Not exactly. As I sead in post #19, the concept of "numbers that count things" is modeled as cardinal numbers. Cardinal numbers are "usual" integers only for finite sets, thus the usual notion of "ratio" can be defined only for them.

Now, you can do two things:

1) try defining what is a ratio of general cardinal numbers; you can do that excatly in the same way you construct the set of rational numbers from the set of natural numbers ( with some added tecnicalities, it all depends on the axiomatic system you choose... ).
But as you noted, cardinality is a very coarse grained way of looking at sets: the interval [0,1] is the same as the interval [0,0.5], but it's also the same as any subset of R^n, like the interior of a square, a cube or a 100-dimensional sphere...

2) conclude that probability has to do with ratios and countings only when finite sets are involved. With infinite sets you need different concepts. The most common way of representing a probabilistic model is through a "probability space" ( that in turn is a special case of a measure space ) and of "random variables" ( that are simply measurable functions between probability spaces ).

In this way you can see the interval [0,1] as a probability space and you'll be able to conclude that the measure (ie the probability) of the interval [0,0.5] is 0.5.

But, is there some property of these sets that would enable as to quantify the relation between a set of all triangles and it's subset of acute triangles?

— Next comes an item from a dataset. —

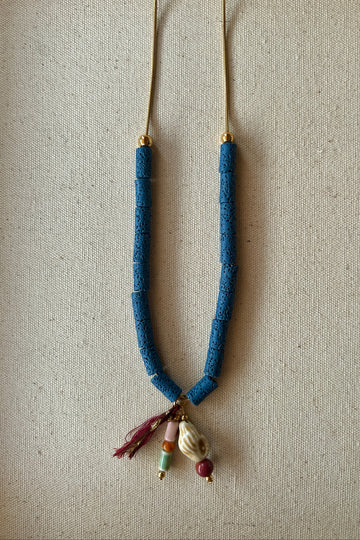 Collar Volcanic Blue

yes, you can define a probability structure over the set of triangles ( as an exotic example, you can send bijctively each triangle to a point in the interval [0,1] and use its natural probability measure directly ).

What you cannot do is defining a translation invariant probability measure over that set, because such a thing does not exist ( eg. there's no such probability space in the class of probability spaces ).